Le commandement de Dieu : une marque de son amour pour les pécheurs
Chaque mois, d’ici la béatification du P. Lataste, Eglise de Besançon publiera un texte inédit tiré de la prédication de l’apôtre des prisons.
La prédication du P. Lataste porte fréquemment la trace de deux convictions que l’on retrouve dans cet extrait d’un sermon pour le Sacré Cœur. Le mouvement inauguré par l’interpellation des détenues de Cadillac comme « Mes chères sœurs », s’est poursuivi, non seulement à propos de ces femmes dont il disait, quelques années plus tard « ces femmes qui étaient mes sœurs après tout, mes sœurs en Adam, mes sœurs en Jésus Christ », ce mouvement s’est développé à l’égard de tout être humain, devant lequel le P. Lataste se place comme un frère, car Dieu l’a fait. D’autre part, l’apôtre des prisons était convaincu que le commandement de l’amour de Dieu est une marque éminente de l’amour qu’il nous porte. Dieu estime assez toute personne, même la plus dégradée, pour s’approcher d’elle en lui demandant de l’aimer.
Quand vous rencontrez un mendiant dans la rue, pourquoi lui donnez vous l’aumône avec cet air de douce pitié ? C’est sans doute que vous reconnaissez en lui un frère, et que l’aimez. Mais désirez vous d’être aimé de lui ? Vous n’y songez pas même. Pourquoi ? C’est que vous ne l’aimez pas assez.
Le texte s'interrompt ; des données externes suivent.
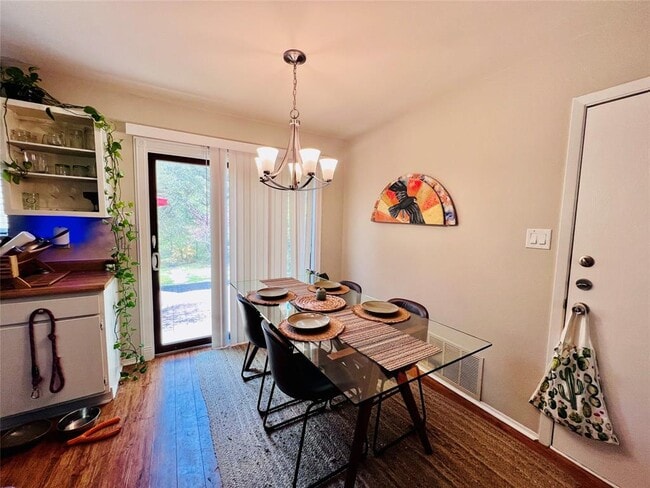 Building Photo - 744 Wales Way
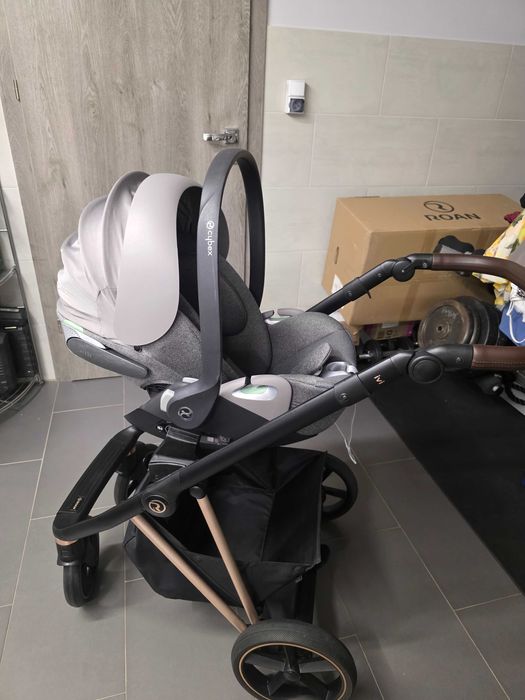 Fotelik CYBEX cloud T z bazą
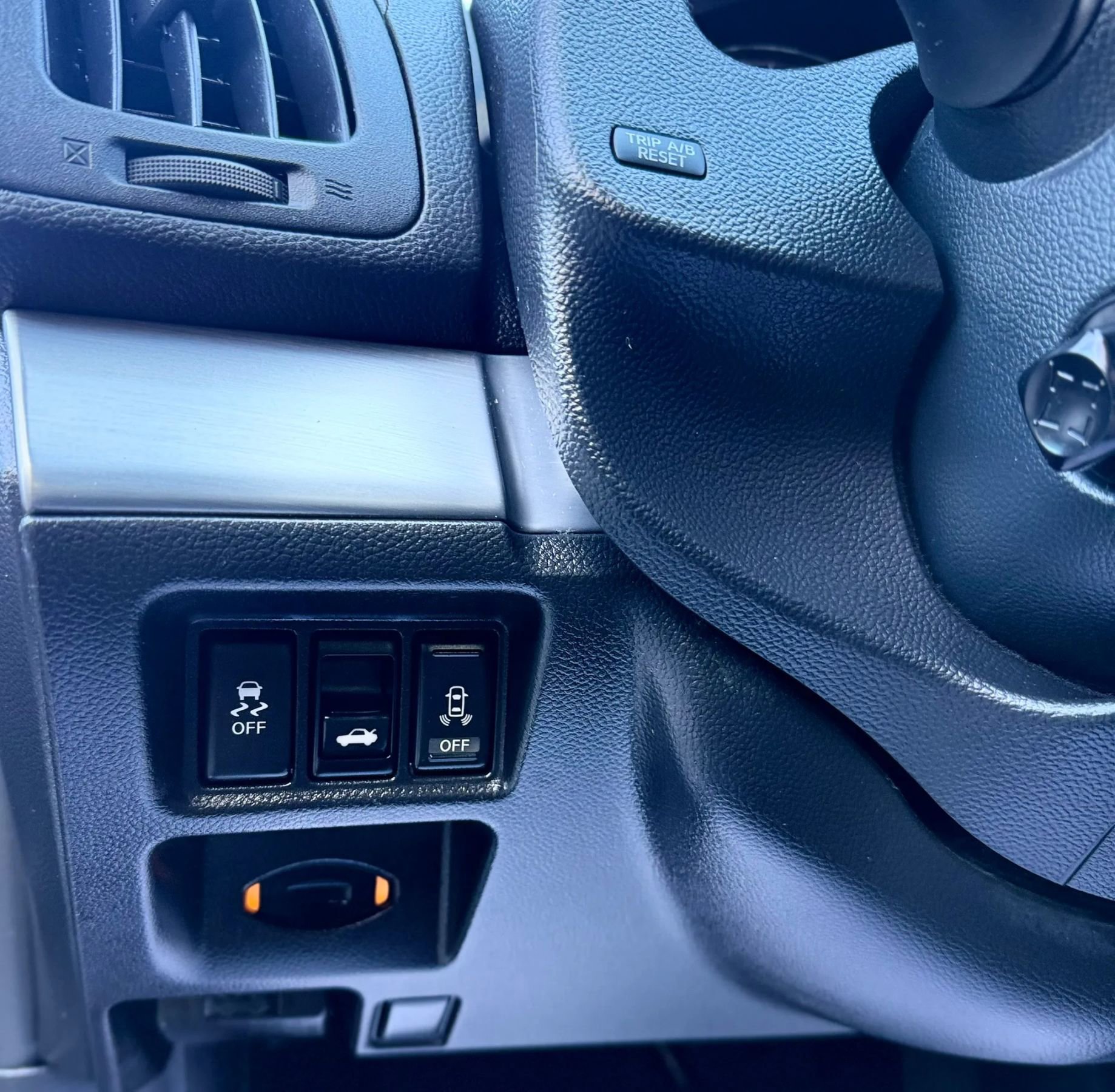 Used 2011 INFINITI G37 x Sedan w/ Premium Pkg image 20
Voici un scélérat coupable de tous les crimes et de toutes les infamies. Voyez le… Il est traîné sur la charrette fatale, il gravit les derniers degrés de l’échafaud : il assiste impassible à sa dernière toilette, dans quelques minutes il ne sera plus. Et cependant il vomit encore l’injure et le blasphème. Le prêtre qui l’assiste tente un dernier effort, il tombe à deux genoux, il vous demande de vous unir à lui et je veux vous voir tomber à genoux et vous unir à sa prière. Pourquoi priez vous pour ce misérable ? C’est qu’il est votre frère après tout, c’est que vous l’aimez. Et toutefois qui de vous désire d’être aimé de lui ; qui de vous s’il recevait de lui en ce moment des témoignages de son amitié ne les rejetterait avec horreur comme on rejette une souillure ou une insulte ? C’est que vous l’aimez avec réserve, c’est que vous ne l’aimez pas assez.
Eh bien, ce cœur de mendiant que vous dédaignez, ce cœur de scélérat que vous repoussez, Dieu ne les dédaigne ni ne les repousse. Il les demande à grands cris, il les sollicite instamment. Il les mendie. Il mendie le cœur d’un mendiant ou d’un guillotiné. En ce moment même et jusqu’au dernier instant de leur vie, Dieu ne cesse de faire retentir à leurs oreilles ce premier commandement qu’il leur avait appris dans leur jeunesse : « Tu aimeras ton Dieu de tout ton cœur, de toute ton âme, de toutes tes forces. » En ce moment même et jusqu’au dernier instant Dieu ne se lasse pas de heurter à leur porte et de leur crier de sa voix la plus tendre : « Mon fils donne moi ton cœur. »
Comprenez vous maintenant mes frères ce qu’il y a d’incompréhensible et d’abîme insondable dans un tel amour ? Désirer d’être aimé, de tous les hommes sans exception, mendier le cœur de tous, même des plus méprisés, même des plus méprisables, et cela quand on est Dieu ! Oh, je vous le dis, je vous le déclare, c’est là la touche suprême du suprême amour. Et c’est là le sceau sacré auquel vous devez reconnaître le Sacré Cœur de Jésus Christ.
O Seigneur, qu’est-ce donc que l’homme pour que vous le traitiez avec tant de respect ?
Sermon 6 sur le Sacré Cœur, Barèges, juillet 1863.